Tallahassee Democrat

Estate tax can steal the American Dream

Guy Moore • My View • May 13, 2010

Some might compare the devotion of college sports fans to their home teams as bordering on the religious. I know, because I'm one of those fans.

As a graduate of Florida State, I proudly wear my 'Noles stripes — and make sure other Seminoles fans can as well. In fact, I opened my first Garnet and Gold store because I wanted fans to have access to affordable FSU apparel and accessories.

Our business has weathered its share of struggles, from hurricanes to the sluggish economy — not to mention from winning to losing and back to winning again.

For all of our hard-headed perseverance, however, our company's future may have nothing to do with our dedication, performance or sacrifice. Instead, our future may come down to Congress' action on the Federal Estate Tax.

Commonly known as the death tax, because it's assessed after somebody dies, the estate tax died at the end of last year. But it will automatically come back to life on Jan. 1 — at a rate of 55 percent on all assets over $1 million — unless Congress prevents it.

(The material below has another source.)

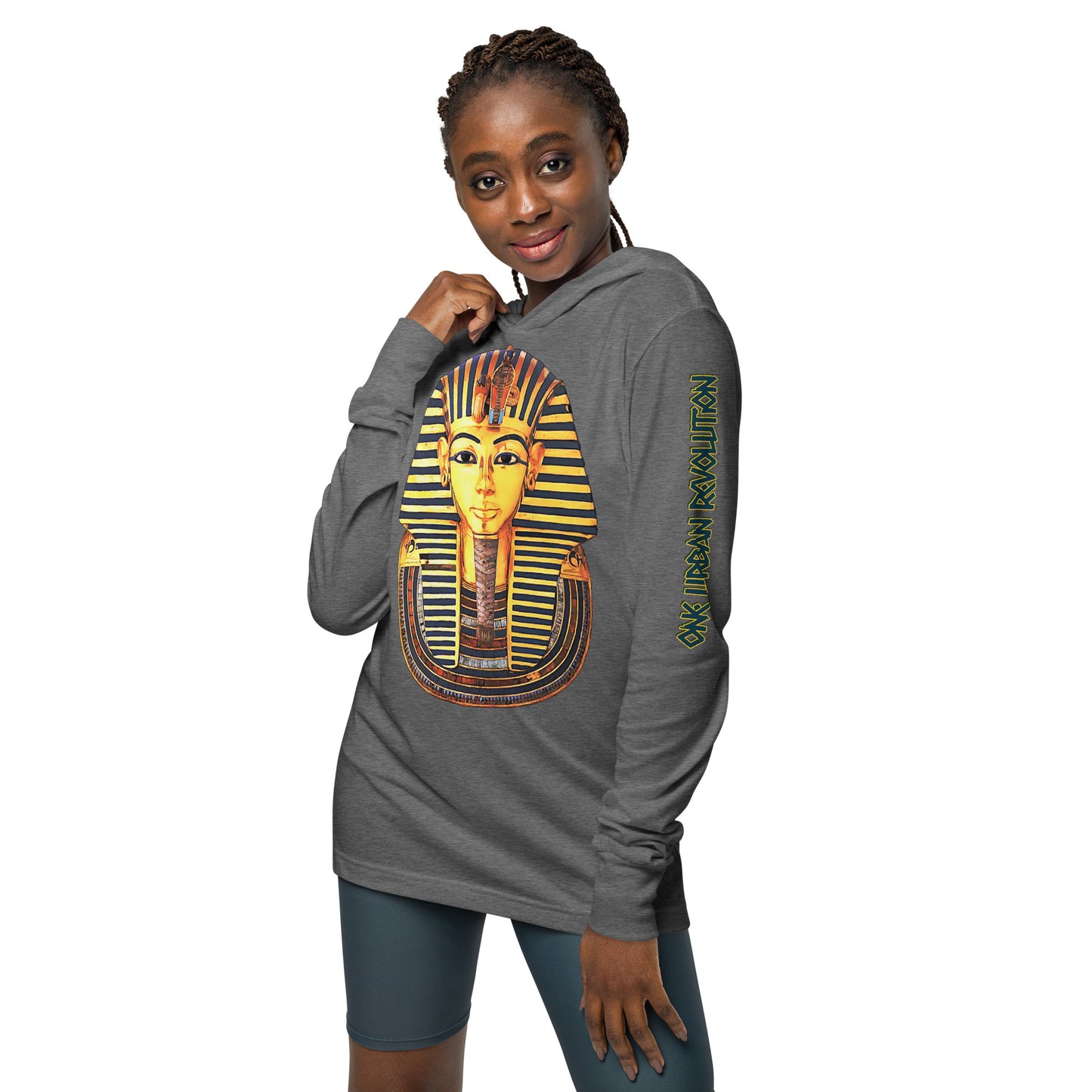 "KING TUT" Unisex Hooded Long-sleeve Tee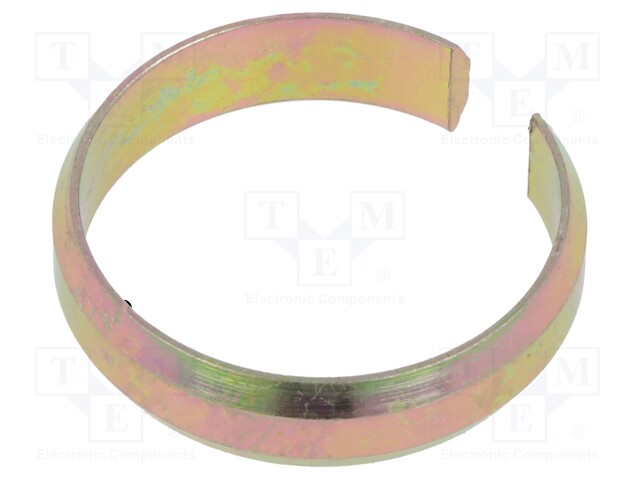 Clamping ring; HJ-14,HJ-I-12; brass; -45÷105°C; Plating: nickel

Unfortunately, many federal lawmakers don't seem to understand what it takes to start, maintain and grow a business. If they did, they wouldn't be pushing to reinstate the tax. Instead, they would be pushing to permanently repeal it.

Not only would this add some 1.5 million jobs to the economy nationwide, according to an American Family Business Foundation study by former Congressional Budget Office Director Douglas Holtz-Eakin, but it would boost employment in the Sunshine State by an estimated 82,000 jobs, according to an article in the James Madison Institute's Journal.

Family-owned businesses like ours are the engines of job growth. But too often the estate tax prevents family-owned businesses from creating new jobs and sometimes from keeping current ones.

Why? Our business capital is mostly tied up in the "guts" of the businesses — our property, equipment, inventory and other assets, as opposed to cash sitting in a bank account.

If allowed to reappear at a 55-percent rate, the estate tax would cut the value of our company in half if I die. Businesses can't take such a hit and survive.

But the government doesn't stop there. Washington also goes after a family business owner's personal assets — the house, retirement accounts, the car and more. As a result, my kids could be forced to shut down or sell the company simply to pay the tax if I die, putting many, if not all, of our 100 employees — mostly college students, working to get themselves through school — out of work.

This policy is the enemy of the American dream, and it's crushing the spirit of entrepreneurs across the country.

According to data compiled by Congress's Joint Economic Committee in 2006, from 1995 to 2005 estate taxes were paid by more than 37,000 "closely-held businesses," 24,000 family farms, 50,000 limited partnerships and nearly 28,000 "other" noncorporate businesses, such as sole proprietorships.

Florida's congressional delegation ought to make every effort to ensure that the estate tax isn't allowed to destroy one more job or one more business.

I want this business to survive for the community, for our employees, for our team and for my family.